Donors plan gifts for a variety of reasons, but the top ones are not expressly financial. Yes, there are tax advantages to giving to nonprofit organizations, but most donors give for reasons that have nothing to do with their tax forms.

One of the biggest reasons that donors give is because the cause is meaningful to them and they want to help the organization further its mission. By contributing to that organization in some manner, they gain the personal satisfaction of knowing that they are making a positive difference.

Additionally, donors get to determine how their funds or other assets are used. This can help direct the organization towards a future that the benefactor desires. In the process, that donor may also gain recognition and establish a legacy for themselves and their descendants.

Another reason not to be overlooked, donors may give because of their upbringing. Some religions require or encourage allocating a certain amount of assets to charitable causes. In other cases, the donor’s family or community–and not religion–has a significant impact on the propensity to give.

Impact of Planned Giving

Simply put, planned gifts are vital to a nonprofit’s success.
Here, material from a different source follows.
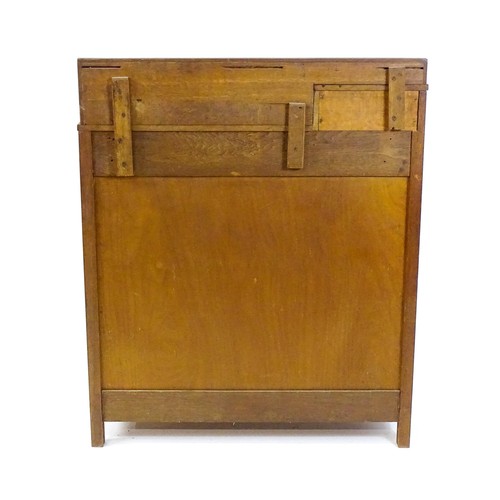 1736 - An Arts & Crafts oak cabinet with an upstand above a single short drawer and two panelled doors and ... 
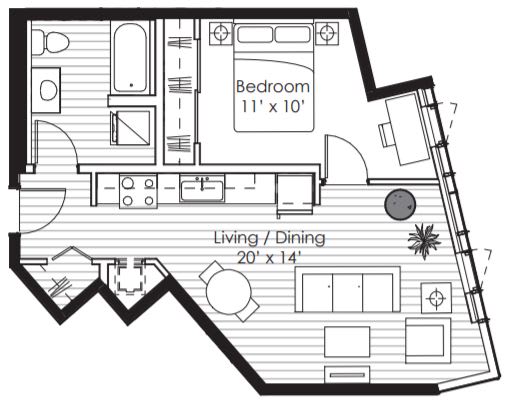 A floor plan of a room with a bedroom and living/dining area.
As a category, these kinds of gifts are the biggest ones that nonprofits receive, and they can go a long way in ensuring the future success of the organization. When nonprofit managers are less focused on maintaining funding and covering long-term overhead costs, they are better able to pursue mission-related programs.

Getting Started

couple discussing their finances for planned giving

If you know you want planned giving to be part of your life, the first step is to think about what is most important to you. Once you have an idea of the people and organizations that you want to support, you can begin assessing what impact you want to have with your gift to them.

At this point, it may be a good idea to discuss your thoughts with a trusted financial advisor who can evaluate your current and expected future assets to help you craft a planned giving strategy. Only you can decide where your assets go and how much of them you want to gift, but an advisor can assist in detailing the options that you have and how your decisions will impact your overall financial situation. They can help you navigate charitable gift annuities, IRA distributions, and any other kind of planned giving options you have in mind.

Morris Financial Concepts can walk you through the entire planned giving process. To learn more about planned giving, legacy planning, wealth management, personal money management, or other financial services, contact our team of financial advisors today.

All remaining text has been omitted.